Email marketing: part 2 of 3

Email marketing vs other marketing methods

Low cost, low commitment

Although Email Marketing relies on consistency, its instant reports and data capture give you the ability to dip your toe into the waters and experiment with your campaign much more easily than other advertising methods. This means that your Email Marketing could be one of your lowest-investment forms of advertising, giving you the chance to perfect and hone in on the most effective messages for your audience without breaking the bank to find them.

The low commitment of Email Marketing means that you can experiment with your approach much more freely than you can with other advertising methods. Be it with design, tone or content, you can change it up until you find an approach that works for you and your audience, which will result in the highest ROI you can achieve. Some email marketing providers even allow for A/B Testing on the same campaign, meaning you can match your two highest-performing approaches against each other.

Personalisation to the customer

Unlike almost any other marketing communication method available to you, email marketing gives you the chance to personalise your message and target your customers directly to almost any degree. Depending on your data capture method, there is nearly no limit to the type of data you can use to segment your audience, or personalise your communications.

There is almost a 50/50 divide on how audiences react to personalisation though, so you may need to experiment with this to see how well it works for you, if it works at all. Largely, the divide depends on how your audience was built – if you’ve bought your contact list from a third party, any personalisation will likely result in either deletion without opening, or reporting as spam – neither of which you want. It’s a lot like personalised messaging through the post – either you recognise the sender, and open it, or you don’t, and don’t.

It is largely safe to use broader, less personal personalisation, however. Using information such as what a customer may be interested in, or what gender they are, to segment and direct relevant advertising to them can yield good results without overstepping bounds that your customers might react poorly to.

Impulse Buyers, Millenials & Generation Z

If your audience have a tendency to impulse buy, Email marketing is essential for your brand; no other form of marketing is as tailored to impulsive purchases. Regularly sporting a huge call-to-action to drive traffic to your site, emails offer the ability to deliver a shot of highly-focused marketing directly to an individual customer, along with an easy link to your product.

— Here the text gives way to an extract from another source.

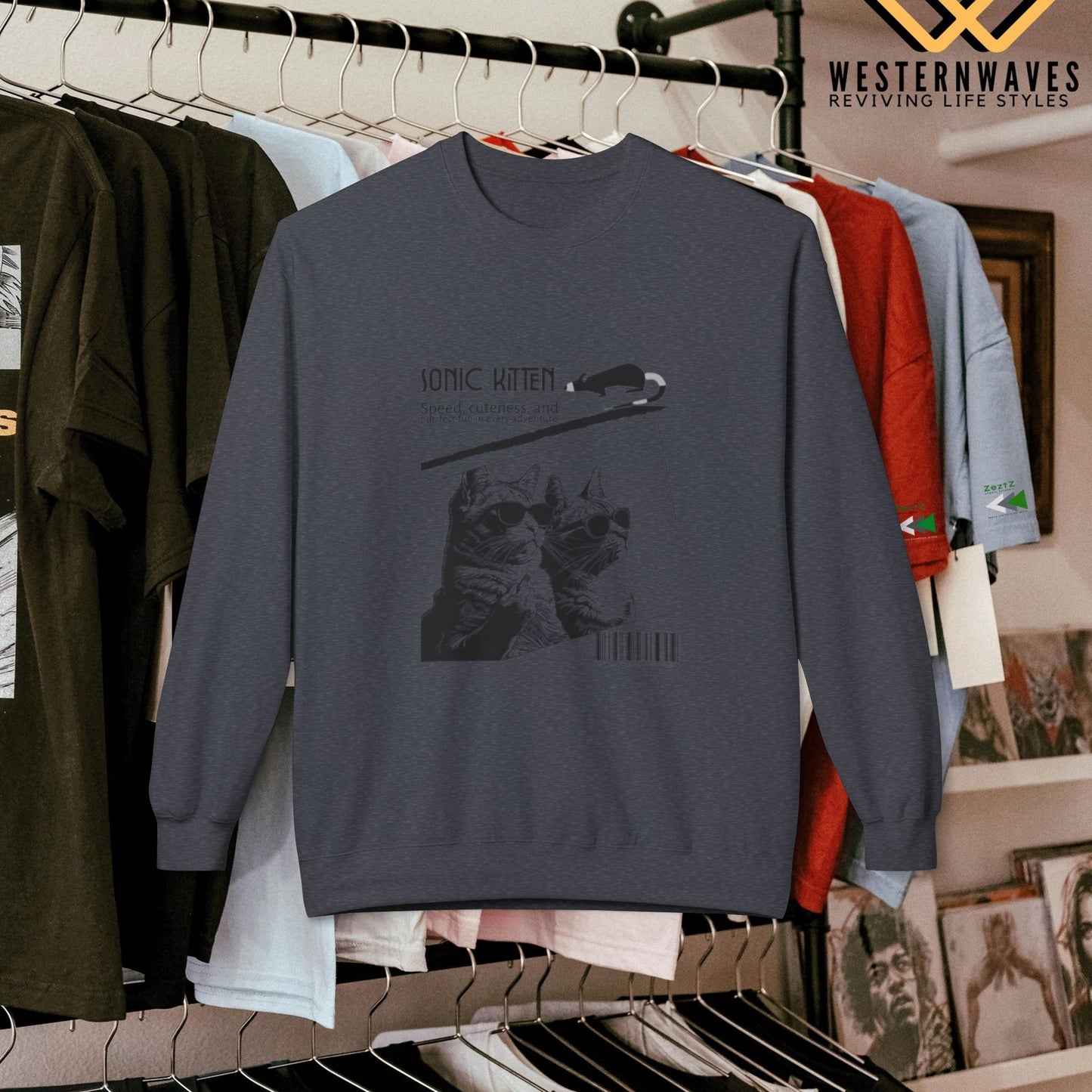 Unisex Midweight Fleece Crewneck Sweatshirt_ N3+ Series UXMWFCS PT2WW015_ WesternWaves Signature Limited Edition:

Particularly effective when combined with a time-sensitive element such as a sale, driving traffic directly to your products with your advertising still in mind is a big part of what makes Email marketing so useful.

To illustrate the power of the focused, easy-to-indulge nature of Email marketing combined with the time-sensitive nature of sales, Litmus reported that, in 2015, “Email marketing was the biggest marketing channel on Black Friday, driving 25.1% of all transactions, according to Custora.”

Balance

Ultimately, Email marketing and other digital channels are the way forward; unlike traditional channels, digital marketing offers the ability to evolve your methods as technology advances. They also utilise the internet, which means you can get your message out to a global audience for a fraction of the price of getting traditional marketing out to a local one.

However, it may be important to maintain balance between the two. If your brand is already established, you could see a drop in interaction if you drop your traditional channels in favour of digital ones, and there is some evidence that traditional marketing forms a deeper connection with the individual than online channels, as a study from Bangor University (in conjunction with Millward Brown, 2009) shows. They found that “physical material” (i.e Traditional, paper marketing) is more “real” to our brains – meaning that it gets involved with emotional processing and sticks in the brains of customers more deeply than emails or social marketing, in some cases.